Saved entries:
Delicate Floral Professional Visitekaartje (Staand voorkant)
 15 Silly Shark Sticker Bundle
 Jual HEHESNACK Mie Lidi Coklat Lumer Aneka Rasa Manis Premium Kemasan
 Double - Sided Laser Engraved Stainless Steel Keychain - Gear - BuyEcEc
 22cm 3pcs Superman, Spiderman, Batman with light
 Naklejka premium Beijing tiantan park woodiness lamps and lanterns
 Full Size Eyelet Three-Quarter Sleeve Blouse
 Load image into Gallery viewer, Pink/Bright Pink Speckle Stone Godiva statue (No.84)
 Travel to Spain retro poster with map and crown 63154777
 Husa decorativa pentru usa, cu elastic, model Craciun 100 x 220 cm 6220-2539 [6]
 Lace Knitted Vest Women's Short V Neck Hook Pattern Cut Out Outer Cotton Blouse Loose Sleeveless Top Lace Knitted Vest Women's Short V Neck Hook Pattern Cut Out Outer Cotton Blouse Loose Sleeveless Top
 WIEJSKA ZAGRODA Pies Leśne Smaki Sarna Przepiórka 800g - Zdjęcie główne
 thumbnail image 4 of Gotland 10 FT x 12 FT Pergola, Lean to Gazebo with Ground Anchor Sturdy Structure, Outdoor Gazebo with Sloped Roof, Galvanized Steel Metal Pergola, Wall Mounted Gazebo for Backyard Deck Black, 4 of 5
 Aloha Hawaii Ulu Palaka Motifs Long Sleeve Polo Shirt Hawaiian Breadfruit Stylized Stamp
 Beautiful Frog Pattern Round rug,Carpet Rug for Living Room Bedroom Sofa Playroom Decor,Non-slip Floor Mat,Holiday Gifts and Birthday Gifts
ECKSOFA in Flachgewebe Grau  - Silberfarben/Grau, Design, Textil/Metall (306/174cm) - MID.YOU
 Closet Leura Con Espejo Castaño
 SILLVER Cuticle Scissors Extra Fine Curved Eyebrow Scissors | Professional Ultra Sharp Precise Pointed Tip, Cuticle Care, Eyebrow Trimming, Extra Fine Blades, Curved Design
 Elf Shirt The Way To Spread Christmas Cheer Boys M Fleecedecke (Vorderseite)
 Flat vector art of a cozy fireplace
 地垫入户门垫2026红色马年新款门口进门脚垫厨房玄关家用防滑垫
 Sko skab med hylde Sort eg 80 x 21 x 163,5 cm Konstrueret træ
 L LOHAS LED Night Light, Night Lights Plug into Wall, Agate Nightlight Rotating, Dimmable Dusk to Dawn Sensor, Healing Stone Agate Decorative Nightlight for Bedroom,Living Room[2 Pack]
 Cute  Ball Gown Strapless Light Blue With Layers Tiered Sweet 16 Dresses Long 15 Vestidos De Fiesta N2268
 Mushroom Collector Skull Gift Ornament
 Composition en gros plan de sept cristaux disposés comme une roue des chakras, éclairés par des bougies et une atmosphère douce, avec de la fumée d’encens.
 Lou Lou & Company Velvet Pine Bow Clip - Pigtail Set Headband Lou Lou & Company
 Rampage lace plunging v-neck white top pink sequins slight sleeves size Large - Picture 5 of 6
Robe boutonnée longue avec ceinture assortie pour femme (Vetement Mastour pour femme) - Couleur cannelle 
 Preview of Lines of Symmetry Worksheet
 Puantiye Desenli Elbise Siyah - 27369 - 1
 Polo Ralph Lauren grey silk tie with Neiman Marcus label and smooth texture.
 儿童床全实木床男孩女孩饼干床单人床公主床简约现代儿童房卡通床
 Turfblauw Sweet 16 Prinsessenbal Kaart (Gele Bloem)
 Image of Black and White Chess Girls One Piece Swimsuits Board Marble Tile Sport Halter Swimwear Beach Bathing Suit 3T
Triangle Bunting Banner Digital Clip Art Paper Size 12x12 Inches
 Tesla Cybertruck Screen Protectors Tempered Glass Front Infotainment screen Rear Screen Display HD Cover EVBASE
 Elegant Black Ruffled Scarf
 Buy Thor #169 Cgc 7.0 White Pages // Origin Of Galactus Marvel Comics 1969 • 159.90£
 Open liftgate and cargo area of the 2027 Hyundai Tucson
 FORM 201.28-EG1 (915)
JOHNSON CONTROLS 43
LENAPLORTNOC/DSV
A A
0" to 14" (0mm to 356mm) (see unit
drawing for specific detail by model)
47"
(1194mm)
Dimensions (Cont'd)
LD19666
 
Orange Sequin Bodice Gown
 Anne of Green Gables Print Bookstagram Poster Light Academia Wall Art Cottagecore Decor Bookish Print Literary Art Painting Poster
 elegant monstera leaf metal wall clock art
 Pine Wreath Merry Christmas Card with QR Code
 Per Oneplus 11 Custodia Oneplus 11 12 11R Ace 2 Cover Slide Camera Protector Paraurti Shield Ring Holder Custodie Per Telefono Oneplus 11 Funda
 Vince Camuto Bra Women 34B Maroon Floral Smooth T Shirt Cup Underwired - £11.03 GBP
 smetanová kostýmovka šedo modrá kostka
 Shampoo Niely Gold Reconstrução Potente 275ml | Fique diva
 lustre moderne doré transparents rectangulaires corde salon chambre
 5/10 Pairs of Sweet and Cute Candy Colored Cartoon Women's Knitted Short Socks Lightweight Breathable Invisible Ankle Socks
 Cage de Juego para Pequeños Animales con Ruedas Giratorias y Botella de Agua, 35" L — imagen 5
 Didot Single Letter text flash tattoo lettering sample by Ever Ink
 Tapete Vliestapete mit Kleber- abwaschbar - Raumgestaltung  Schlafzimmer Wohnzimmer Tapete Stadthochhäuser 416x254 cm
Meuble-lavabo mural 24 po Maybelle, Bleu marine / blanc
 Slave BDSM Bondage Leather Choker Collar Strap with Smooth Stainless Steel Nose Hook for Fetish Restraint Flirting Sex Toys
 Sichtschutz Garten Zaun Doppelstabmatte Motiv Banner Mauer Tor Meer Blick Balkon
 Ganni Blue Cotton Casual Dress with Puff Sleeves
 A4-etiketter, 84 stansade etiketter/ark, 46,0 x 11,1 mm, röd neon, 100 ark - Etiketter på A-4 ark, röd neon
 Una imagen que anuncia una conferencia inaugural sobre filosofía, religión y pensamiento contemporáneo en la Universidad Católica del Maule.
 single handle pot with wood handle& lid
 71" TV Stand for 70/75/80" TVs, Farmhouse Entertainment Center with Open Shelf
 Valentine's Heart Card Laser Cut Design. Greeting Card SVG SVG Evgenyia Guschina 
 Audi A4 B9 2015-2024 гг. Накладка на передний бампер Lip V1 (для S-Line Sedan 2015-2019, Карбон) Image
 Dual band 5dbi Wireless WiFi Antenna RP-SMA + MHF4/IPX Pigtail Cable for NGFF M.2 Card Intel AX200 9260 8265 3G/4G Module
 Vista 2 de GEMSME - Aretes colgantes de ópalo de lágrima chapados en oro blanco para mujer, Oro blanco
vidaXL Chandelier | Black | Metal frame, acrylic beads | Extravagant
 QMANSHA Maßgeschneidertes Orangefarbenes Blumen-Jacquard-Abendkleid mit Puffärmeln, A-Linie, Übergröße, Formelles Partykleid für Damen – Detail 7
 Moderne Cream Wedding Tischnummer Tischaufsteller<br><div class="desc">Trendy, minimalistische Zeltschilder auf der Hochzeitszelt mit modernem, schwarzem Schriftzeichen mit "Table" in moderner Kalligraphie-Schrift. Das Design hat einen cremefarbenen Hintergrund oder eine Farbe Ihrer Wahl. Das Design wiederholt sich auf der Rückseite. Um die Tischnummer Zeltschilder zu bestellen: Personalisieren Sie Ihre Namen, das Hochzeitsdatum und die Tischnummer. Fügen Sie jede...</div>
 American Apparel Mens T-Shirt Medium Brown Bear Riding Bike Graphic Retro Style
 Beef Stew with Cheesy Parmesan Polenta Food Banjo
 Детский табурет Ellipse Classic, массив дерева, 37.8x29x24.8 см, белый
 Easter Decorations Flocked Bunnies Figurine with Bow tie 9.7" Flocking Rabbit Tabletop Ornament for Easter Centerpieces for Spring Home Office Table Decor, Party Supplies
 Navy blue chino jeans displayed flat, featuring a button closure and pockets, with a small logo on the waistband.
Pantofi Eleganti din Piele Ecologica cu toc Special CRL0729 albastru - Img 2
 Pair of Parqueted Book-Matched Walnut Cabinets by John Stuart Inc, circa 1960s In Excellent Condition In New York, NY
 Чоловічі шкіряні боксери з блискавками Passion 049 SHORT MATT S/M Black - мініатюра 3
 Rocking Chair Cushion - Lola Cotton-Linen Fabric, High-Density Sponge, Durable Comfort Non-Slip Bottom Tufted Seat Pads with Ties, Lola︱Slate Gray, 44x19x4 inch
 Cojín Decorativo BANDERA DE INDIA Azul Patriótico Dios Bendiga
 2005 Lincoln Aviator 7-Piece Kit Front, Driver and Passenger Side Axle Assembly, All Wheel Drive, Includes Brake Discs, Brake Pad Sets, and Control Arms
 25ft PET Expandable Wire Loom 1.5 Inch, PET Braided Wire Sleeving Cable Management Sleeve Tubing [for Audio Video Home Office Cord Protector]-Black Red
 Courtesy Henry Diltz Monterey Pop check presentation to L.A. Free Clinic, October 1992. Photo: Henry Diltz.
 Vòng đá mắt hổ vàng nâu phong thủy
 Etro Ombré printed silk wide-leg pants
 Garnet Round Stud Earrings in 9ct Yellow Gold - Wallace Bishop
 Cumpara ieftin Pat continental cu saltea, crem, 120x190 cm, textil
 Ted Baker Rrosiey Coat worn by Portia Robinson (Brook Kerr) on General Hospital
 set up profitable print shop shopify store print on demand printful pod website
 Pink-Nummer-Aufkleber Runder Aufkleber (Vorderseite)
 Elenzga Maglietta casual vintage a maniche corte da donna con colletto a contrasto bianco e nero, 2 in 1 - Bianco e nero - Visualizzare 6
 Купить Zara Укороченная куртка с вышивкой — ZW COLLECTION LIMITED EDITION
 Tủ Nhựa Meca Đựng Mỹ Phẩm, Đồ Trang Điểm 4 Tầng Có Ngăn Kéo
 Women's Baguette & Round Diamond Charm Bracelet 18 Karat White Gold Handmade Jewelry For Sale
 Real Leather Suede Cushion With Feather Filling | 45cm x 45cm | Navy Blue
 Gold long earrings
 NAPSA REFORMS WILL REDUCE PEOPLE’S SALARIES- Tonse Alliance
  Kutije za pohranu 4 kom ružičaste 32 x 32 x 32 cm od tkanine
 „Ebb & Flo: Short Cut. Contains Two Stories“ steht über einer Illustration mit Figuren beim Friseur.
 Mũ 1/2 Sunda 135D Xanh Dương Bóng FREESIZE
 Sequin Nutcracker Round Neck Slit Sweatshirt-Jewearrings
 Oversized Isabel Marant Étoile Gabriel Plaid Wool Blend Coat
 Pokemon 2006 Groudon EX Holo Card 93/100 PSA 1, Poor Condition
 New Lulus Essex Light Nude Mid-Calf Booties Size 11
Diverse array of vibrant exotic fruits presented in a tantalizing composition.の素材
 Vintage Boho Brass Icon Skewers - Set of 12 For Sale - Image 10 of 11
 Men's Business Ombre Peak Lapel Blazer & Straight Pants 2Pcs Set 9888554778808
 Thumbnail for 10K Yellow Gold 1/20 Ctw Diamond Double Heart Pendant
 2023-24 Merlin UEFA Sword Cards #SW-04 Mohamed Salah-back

▶ **WHAT IS EXPECTED**: Copy out every line from the data above that has "Christmas" in it.

▶ **FINISHED TASK**:
 Elf Shirt The Way To Spread Christmas Cheer Boys M Fleecedecke (Vorderseite)
 Pine Wreath Merry Christmas Card with QR Code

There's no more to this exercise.